The band incorporates some unsettling imagery in the song's accompanying music video to ferry this point forward. Although, it's also a point of owning one's own identity that is settled in Leigh's powerful rendition of the song. Musically, the song is carried by the weight of Leigh's emotional performance and resonant vocals, showcasing herself as a veritable purveyor of no-frills rock 'n' roll.

"Though my history with 'Poison Heart' goes back to all-girl Ramones cover shows years ago in the basement of the Delancey in NYC, and though we recorded it for the album months before the #MeToo hashtag appeared, it seems to have captured the zeitgeist of despair and exhaustion that preceded the mass changes that are currently sweeping our culture," Leigh tells PopMatters. "'Poison Heart', to me, is about a society shaped by trauma, where hurt people hurt people and everyone is stuck re-enacting their patterns — kind of like the one we're living in now."

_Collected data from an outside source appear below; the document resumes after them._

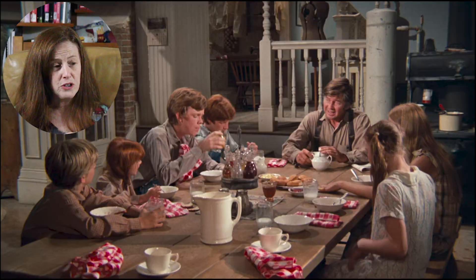So rather than filming the episode in the order that you were watching it, we would have filmed all the kitchen scenes on the same day. So I spent a lot of time in that kitchen. We all did.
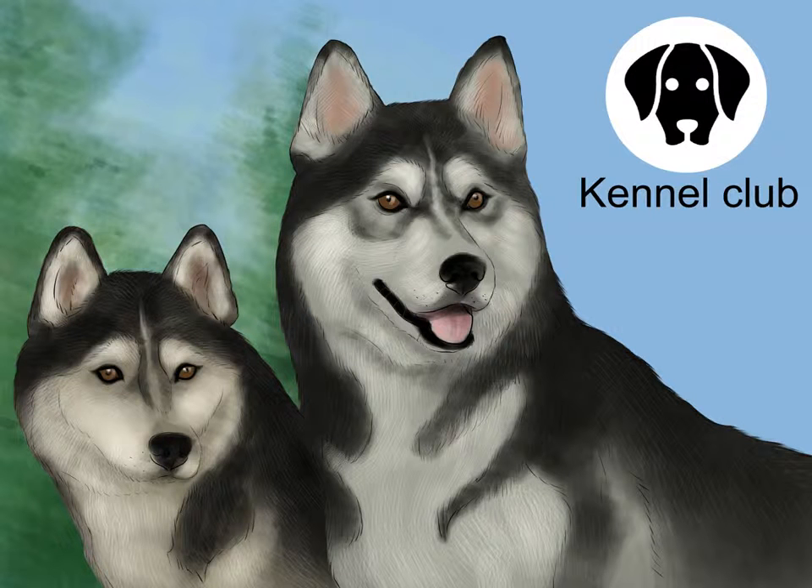Make sure both dogs are registered with a kennel club. If maintaining a pure husky bloodline is important to you, both dogs should be registered with the American Kennel Club, the Continental Kennel Club, or the United Kennel Club. Both dogs need to be registered with the same club in order for the puppies to be eligible for registration. Research the bloodlines of both dogs to learn about potential health problems or temperament issues.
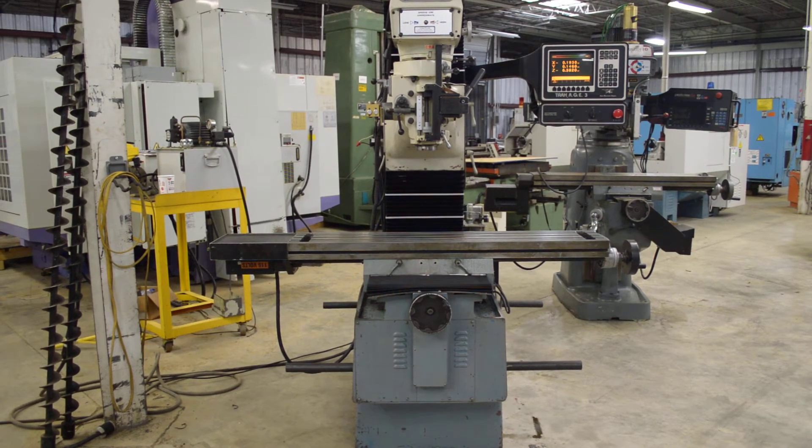This is a Southwest Industries 2000 model, three-axis DPM bed mill. It has an AGE3 control. It's a very good machine in very good condition. It has been serviced with all new way covers. It has a variable speed head.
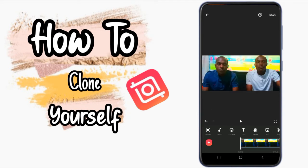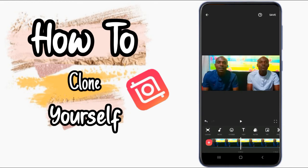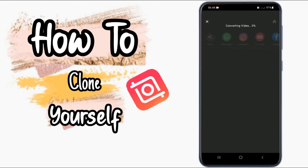Click the correction tool, and then save to your gallery. Here is the final project I did with my phone using InShot. Don't forget to like, share, and subscribe to my channel for more updates. Thank you so much.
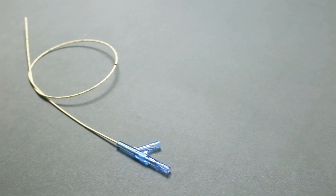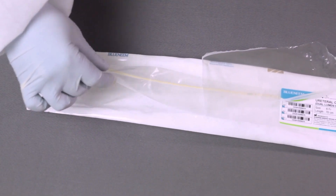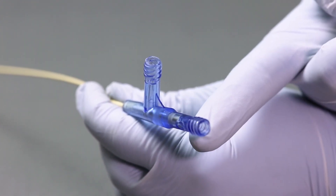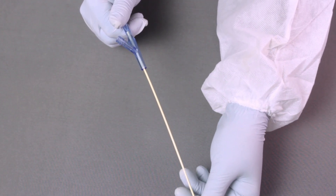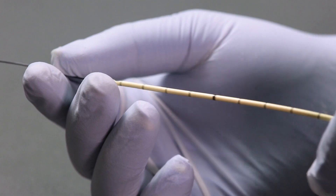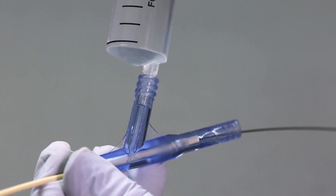The dual human ureteral catheter is designed for over-the-wire placement. It provides two separate working channels: one for contrast injection and the other for over-the-guidewire placement. Insert the catheter over the guidewire to the desired location. Once access is gained, connect the Lewis syringe and inject contrast media while the guidewire is in place.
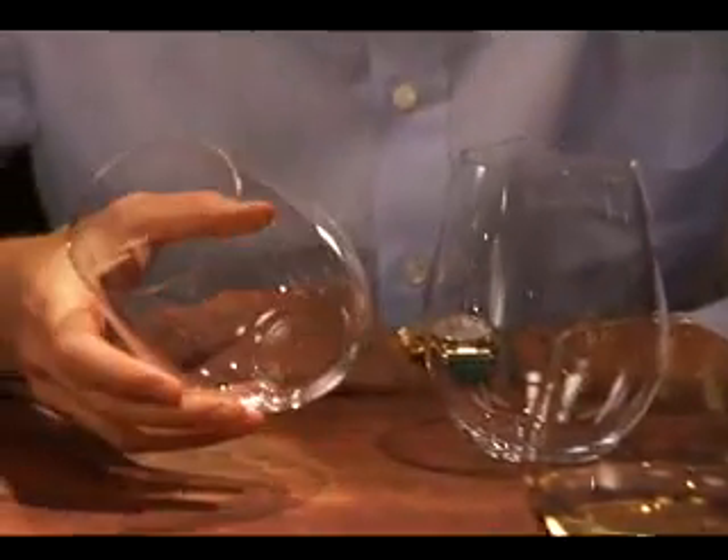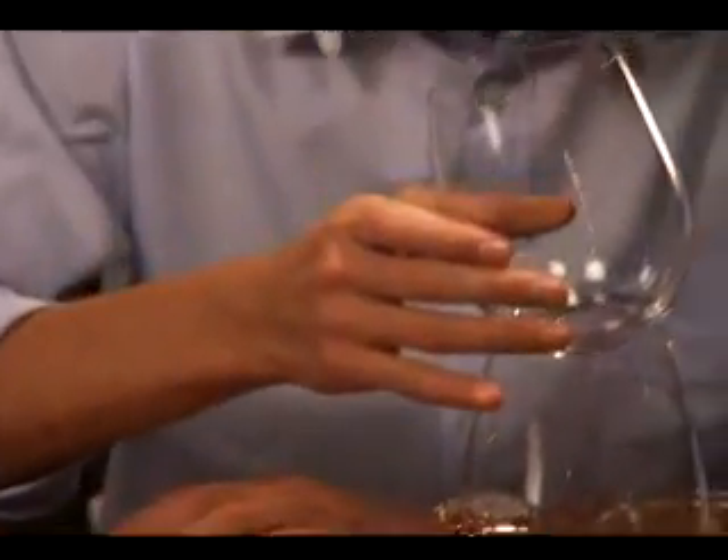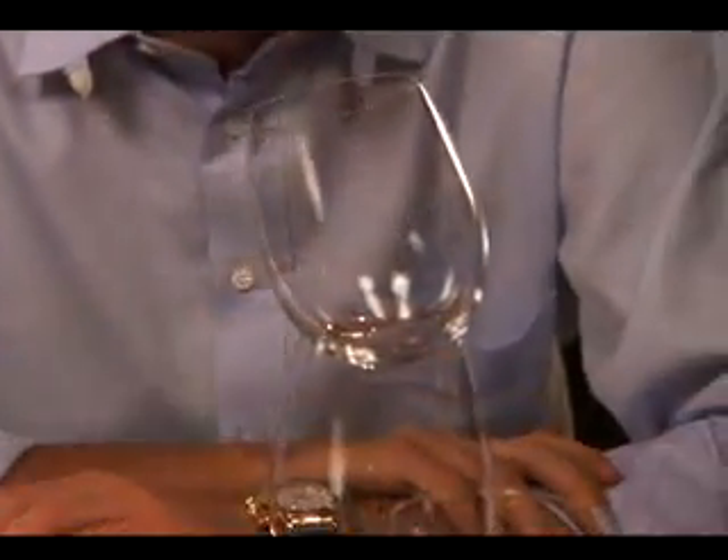Riedel O is a glass line made by Riedel, introduced in 2004 without a stem. It's a glass that you can stack — two glasses at the same height as one glass. It can fit into the dishwasher and is dishwasher proof, not a problem.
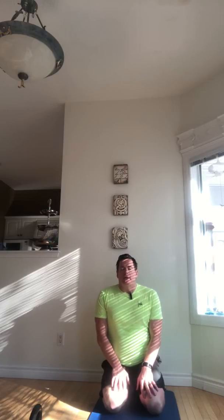Inhale in — two, three, four, five. Hold — two, three, four, five. Exhale out — two, three, four, five. Hold — two, three, four, five. Repeat for four full rounds of box breathing, inhaling for five counts, holding for five, exhaling for five, holding for five.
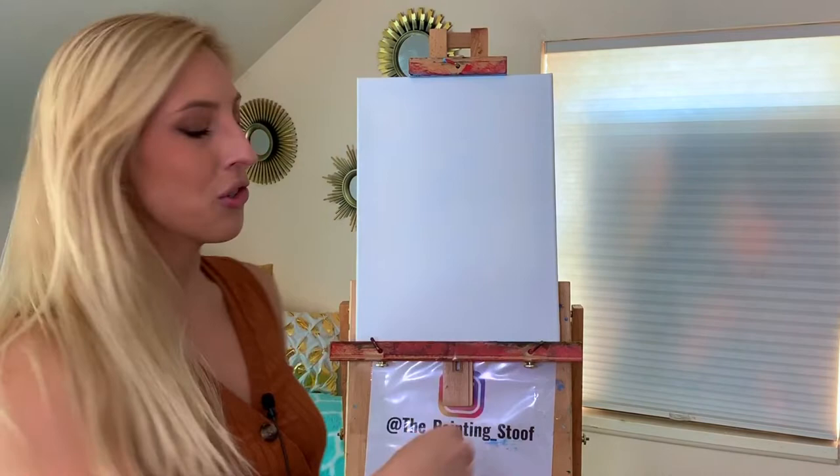So we are going to do an autumn landscape scene on a 12 inch by 16 inch canvas using acrylic paint. We're going to make this an easy painting, so if you're a beginner I'm going to do my best to make this easy for you to follow along. If at any point you get lost, just leave a comment below and I will respond and hopefully help you out.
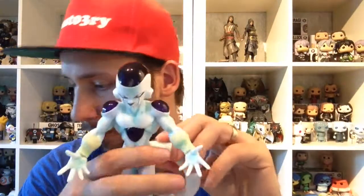This was Frieza — Master Stars Piece. I hope you enjoyed it and I hope to see you in my next video. Have a nice day. Ciao!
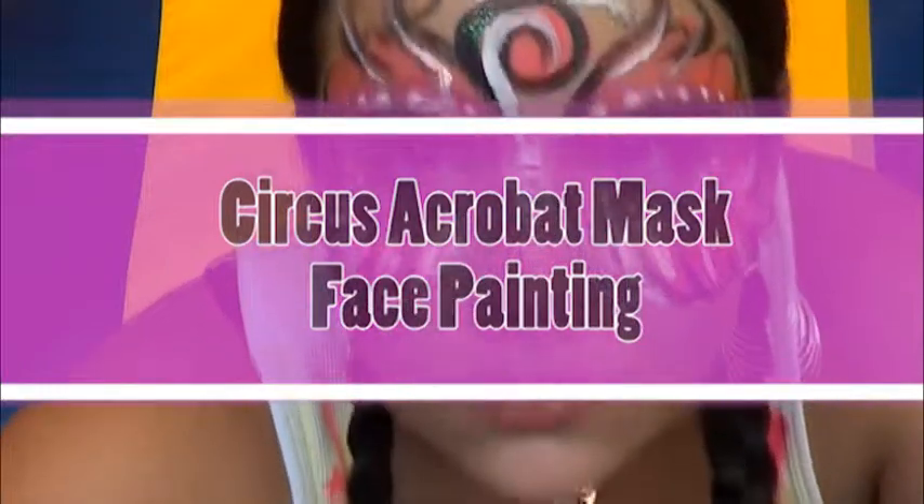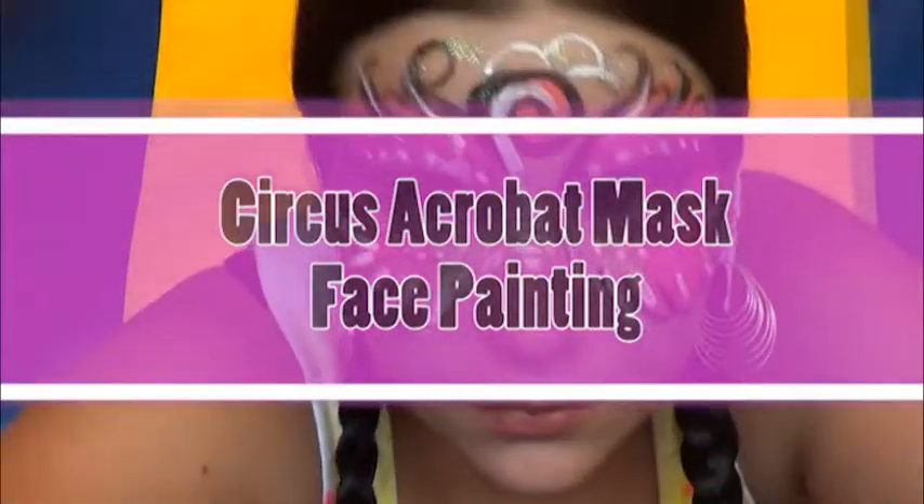This is a face painting tutorial. Learn how to make a circus acrobat mask.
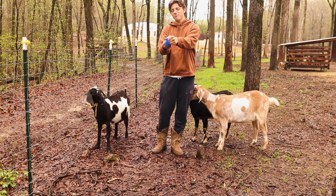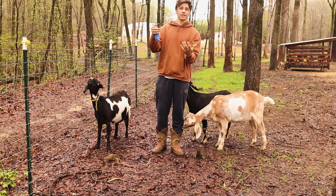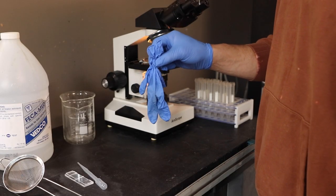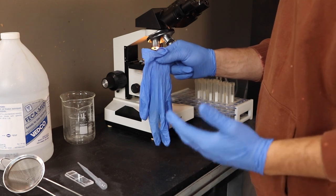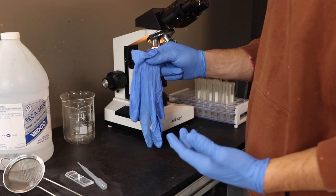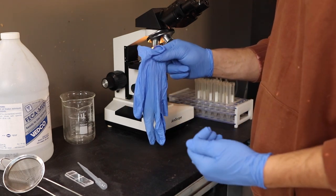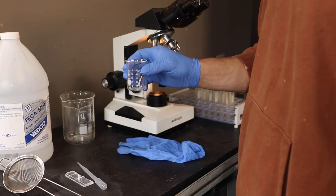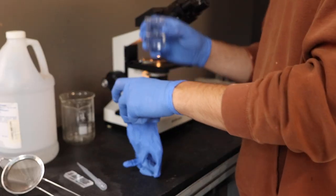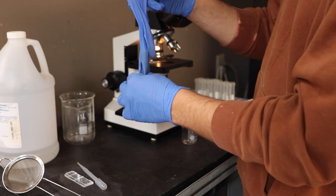I'm going to go ahead and twist my glove inside out — this is what we'll add the solution to later. The ratio that we're going to use is 15 cc's of the fecal solution for every one gram of goat poop. We have two grams of goat poop, which means we're going to use 30 cc's of the fecal solution. I'm pouring 30 cc's of the solution into the glove. The next step is to mash up all the poop so that there are no big chunks getting stuck in our strainer or going into the slide.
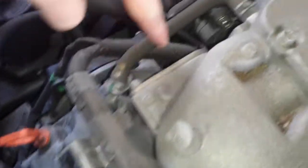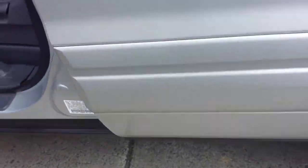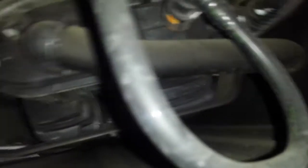Right here, this hose goes down to the PCV — it's built into the valve cover. And the EVAP canister is going to be about right here. You have this skid plate, and right above that skid plate is the actual canister, right there.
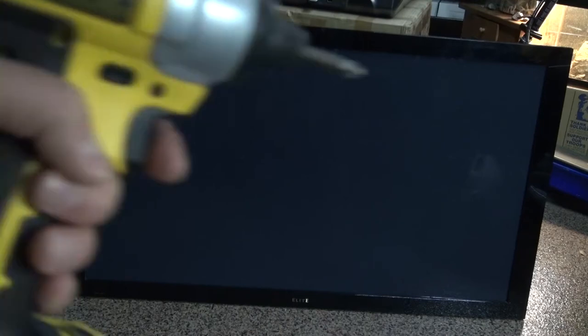Hello and welcome back to SciTiTech. In this video, I'm going to show you a teardown of this plasma TV. Let's get started.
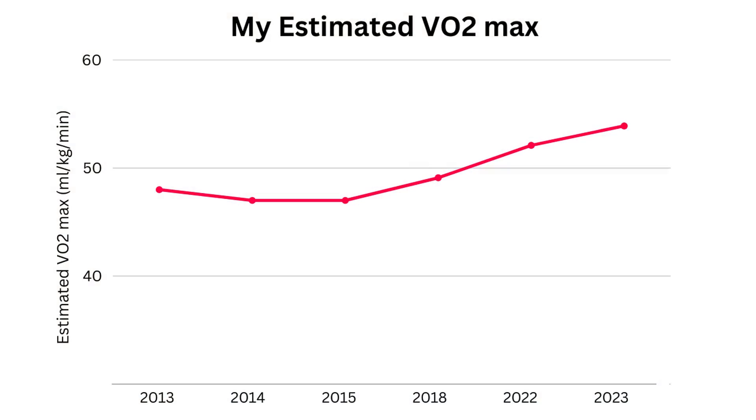I turned 30 in 2017, which is when the literature would suggest that my VO2max would start to decline. By increasing the amount of exercise I do, I've been able to reverse the trend, meaning last year I was fitter aged 36 than I was at 26.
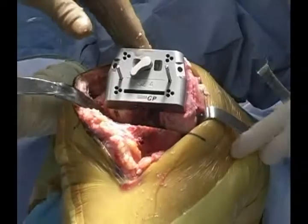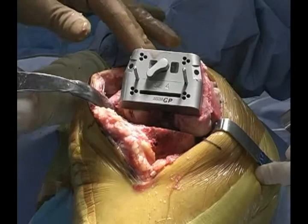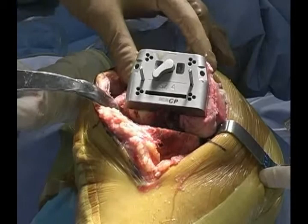Consider a one-size larger component before you make your resections. In this case we're not notching, but the stylus should help you with avoiding a notch. Unless you translate the block further posteriorly, you may consider upsizing the block one size to assist with minimizing the risk of notching.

"As I mention in the album's booklet, at the start of its creation I had also decided to embark on a journey of healing a lifetime's worth of unaddressed trauma programming. I was especially struck by my research into trauma reactions, the way that trauma unconsciously imprints itself in our beliefs and can affect us long after the traumatic events are over. Sadly, the researcher whose work I learned from was just fired last month from his therapy center and his $5 million grant for bullying his staff — so believe the Ramones when they say everybody has a poison heart!"

Leigh continues, detailing the music video's development process:

"What I didn't mention in the booklet was that, in part because of my other work as a coach, I made my process transparent by sharing everything I was learning on my blog and social media. So, by the time I was ready to make a video, I had a lot of friends and followers who were on similar journeys. I put out a call online for people to submit footage of an artistic depiction of what living with their trauma responses felt like, and they knocked it out of the park."

"Mine involved the bugs on my face because I wanted to show how trauma can desensitize your body and allow you to dissociate from literally anything. People were like, "Omg how did you stand that?" And I'm like, 'Psh, what's a few bugs to my body after everything else it's been through!' I hope the video widens the conversation about healing and the ongoing abuses of power in our systemic institutions such as Hollywood."

Leigh is also starting an online group course called The Re-Patterning Project wherein she will teach her healing process to prospective students. The course is still in its development phase but should be announced soon via social media.